- **SOURCE DATA**:
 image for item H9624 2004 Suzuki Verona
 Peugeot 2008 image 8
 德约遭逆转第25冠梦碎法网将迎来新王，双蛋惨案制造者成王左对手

- **WORK REQUEST**: Repeat the data verbatim, line after line, leaving nothing out.

- **RESPONSE AREA**:
 image for item H9624 2004 Suzuki Verona
 Peugeot 2008 image 8
 德约遭逆转第25冠梦碎法网将迎来新王，双蛋惨案制造者成王左对手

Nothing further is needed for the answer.